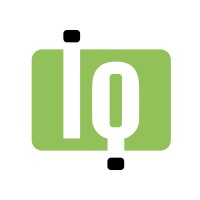 StorIQ logo - Similar company to Techdreams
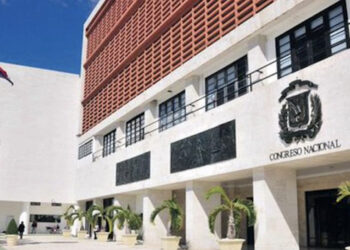 Oposición respalda estudio del Código Penal pese a temas diferidos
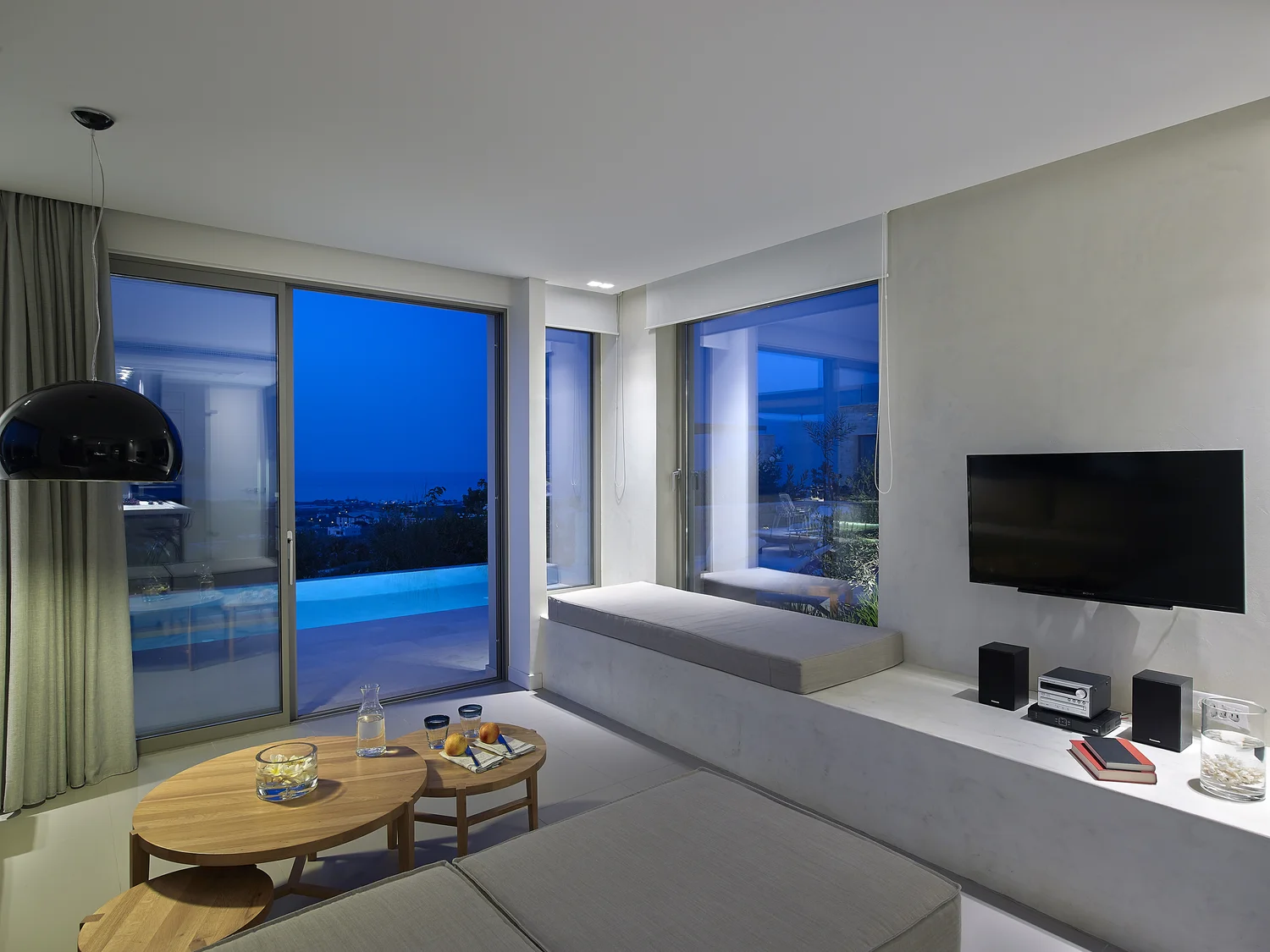 Villa_Sea_Breeze_Kissamos_Crete_Greece-3b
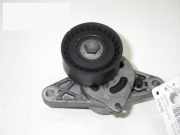 Keilriemenspanner PEUGEOT 206 CC (2D) 1.6 16V 9638976580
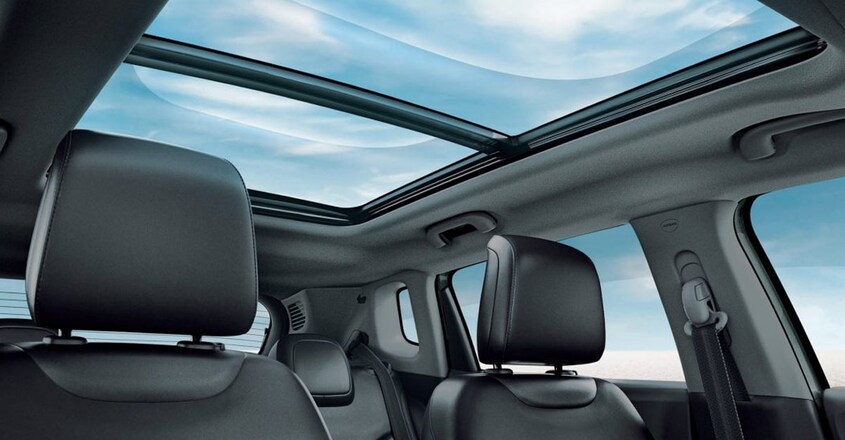 jeep-compass-2 jeep-compass-2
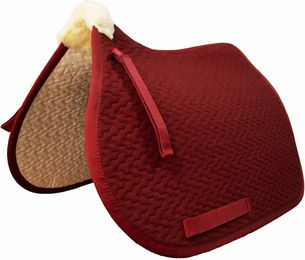 Produktbild von Cso-Satteldecke Therese T de T
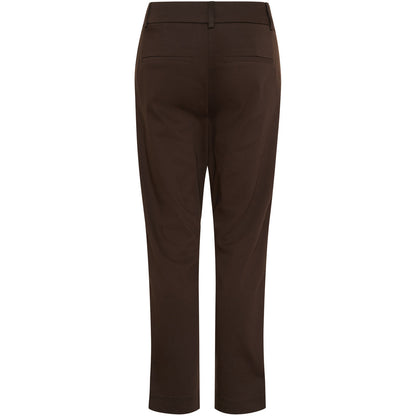 Byxa Isay chino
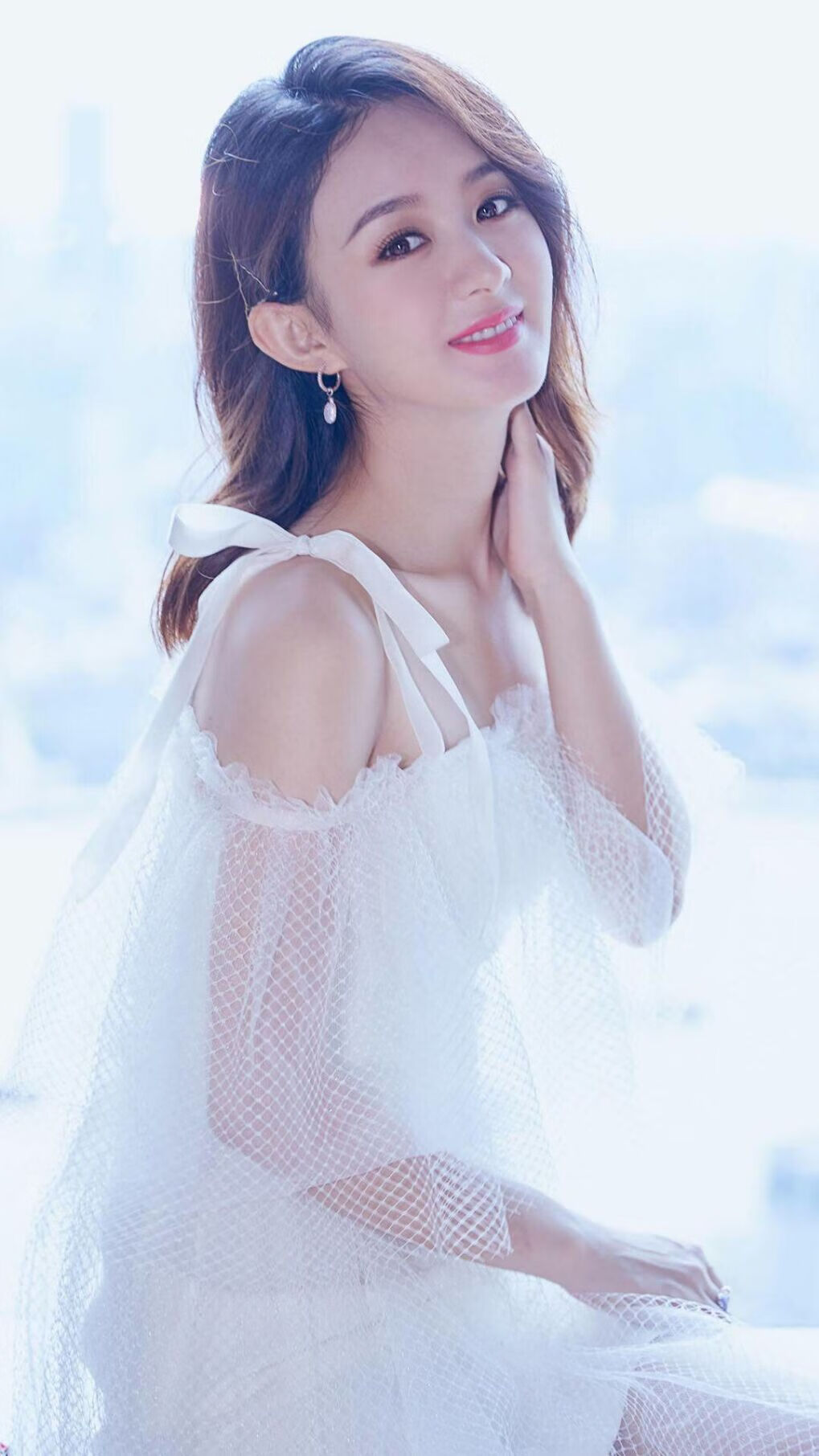 F1年度争冠之夜，法比尼奥，赛道上的黑暗指挥家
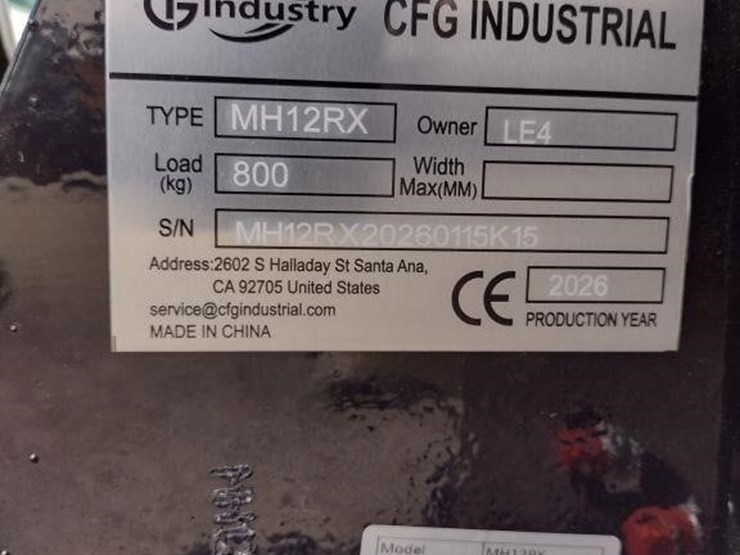 cfg-industry-mh12rx-image-7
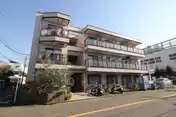 センチュリー大和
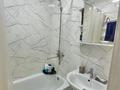 3-комнатная квартира · 70.1 м² · 7/9 этаж, проспект Нурсултана Назарбаева 32 за 36 млн ₸ в Павлодаре — фото 18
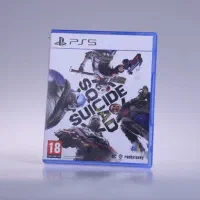 دیسک PS4 & PS5|کنسول، بازی ویدئویی و آنلاین|مشهد, سجاد شهر|دیوار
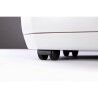 Dehumidifier DeLonghi DDSX225 5 L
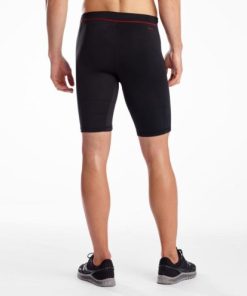 Yosemitegear.shopb12b94c509 2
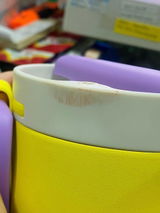 S*****1 review photo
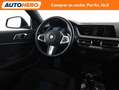BMW 135 M135i xDrive Azul - thumbnail 14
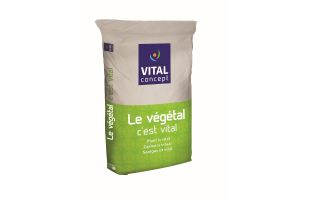 RGH Aston Crusader - 10kg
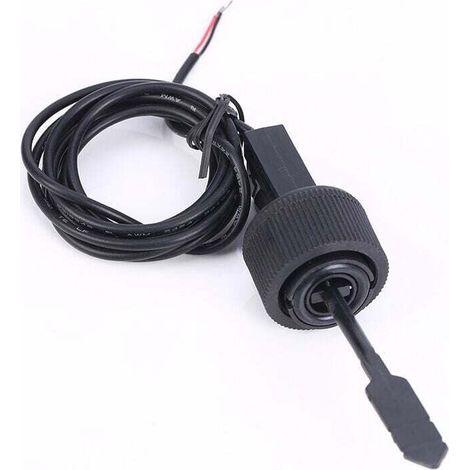 Wasserdurchflussschalter-Sensor, XU, Wasserdurchflussregelung, stabiler Präzisionsregler - KZQ (1/4)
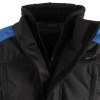 Weise X Blade 2 Jacket - Blue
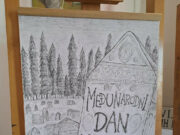 Međunarodni dan maternjeg jezika: Čin identiteta, kulturne različitosti i tolerancije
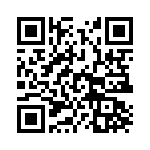 RC3216F2672CS QRCode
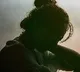 Gang Rape on Tourist guide in Delhi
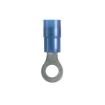 PN14-14R-E  Connectors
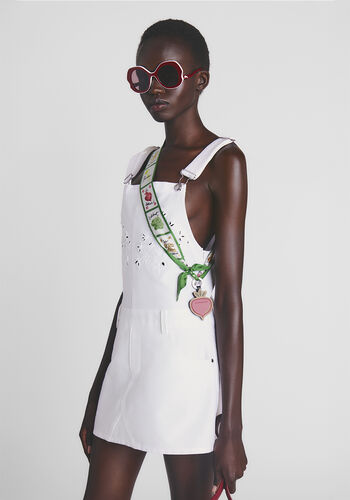 Spring-Summer 2025 Collection, 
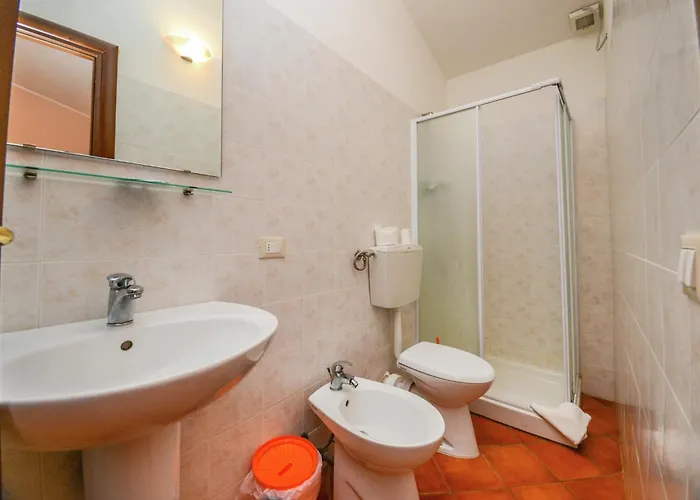 Mansion In Near Σπίτι διακοπών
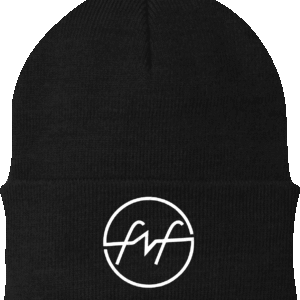 FNF Beanie
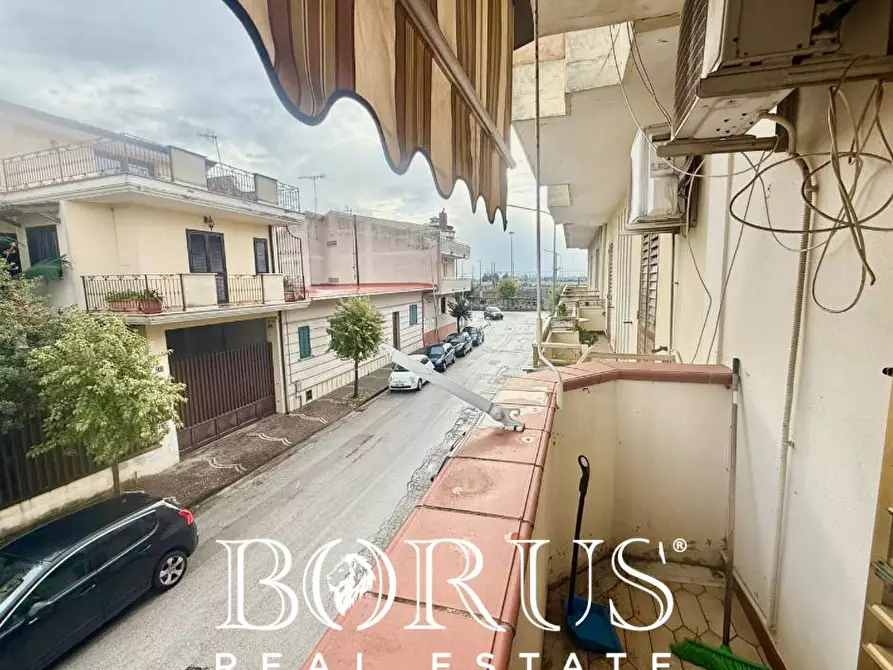 Immagine 49 di Casa indipendente in vendita  a Villa Literno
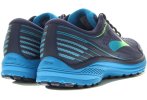 Brooks Aduro 5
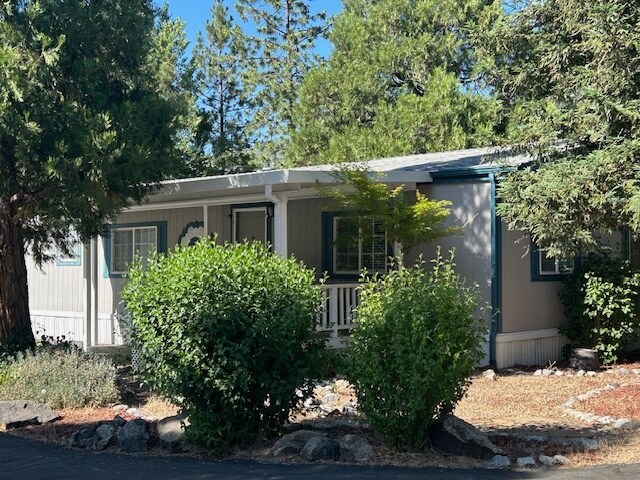 41941 Road 222, Oakhurst, CA à vendre - Photo de l’immeuble – Image 3 sur 17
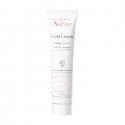 Avene Cold Cream Cream Päevakreem Nägu 40 ml Avene Cold Cream Cream Päevakreem Nägu 40 ml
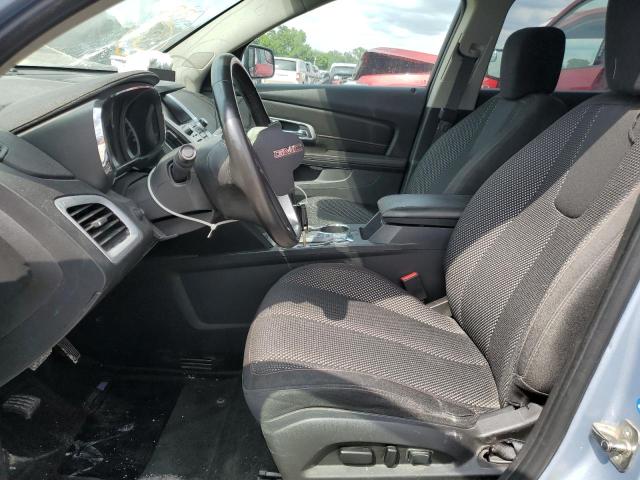 2014 GMC Terrain Sle VIN: 2GKFLWEK8E6300466 Lot: 57096254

....................

→ **Problem description**
Transcribe every entry exactly, leaving out the pictures.

→ **Your solution**
 StorIQ logo - Similar company to Techdreams
 Oposición respalda estudio del Código Penal pese a temas diferidos
 Villa_Sea_Breeze_Kissamos_Crete_Greece-3b
 Keilriemenspanner PEUGEOT 206 CC (2D) 1.6 16V 9638976580
 jeep-compass-2 jeep-compass-2
 Produktbild von Cso-Satteldecke Therese T de T
 Byxa Isay chino
 F1年度争冠之夜，法比尼奥，赛道上的黑暗指挥家
 cfg-industry-mh12rx-image-7
 センチュリー大和
 3-комнатная квартира · 70.1 м² · 7/9 этаж, проспект Нурсултана Назарбаева 32 за 36 млн ₸ в Павлодаре — фото 18
 دیسک PS4 & PS5|کنسول، بازی ویدئویی و آنلاین|مشهد, سجاد شهر|دیوار
 Dehumidifier DeLonghi DDSX225 5 L
 Yosemitegear.shopb12b94c509 2
 S*****1 review photo
BMW 135 M135i xDrive Azul - thumbnail 14
 RGH Aston Crusader - 10kg
 Wasserdurchflussschalter-Sensor, XU, Wasserdurchflussregelung, stabiler Präzisionsregler - KZQ (1/4)
 Weise X Blade 2 Jacket - Blue
 Međunarodni dan maternjeg jezika: Čin identiteta, kulturne različitosti i tolerancije
 RC3216F2672CS QRCode
 Gang Rape on Tourist guide in Delhi
 PN14-14R-E  Connectors
 Spring-Summer 2025 Collection, 
 Mansion In Near Σπίτι διακοπών
 FNF Beanie
 Immagine 49 di Casa indipendente in vendita  a Villa Literno
 Brooks Aduro 5
 41941 Road 222, Oakhurst, CA à vendre - Photo de l’immeuble – Image 3 sur 17
 Avene Cold Cream Cream Päevakreem Nägu 40 ml Avene Cold Cream Cream Päevakreem Nägu 40 ml
 2014 GMC Terrain Sle VIN: 2GKFLWEK8E6300466 Lot: 57096254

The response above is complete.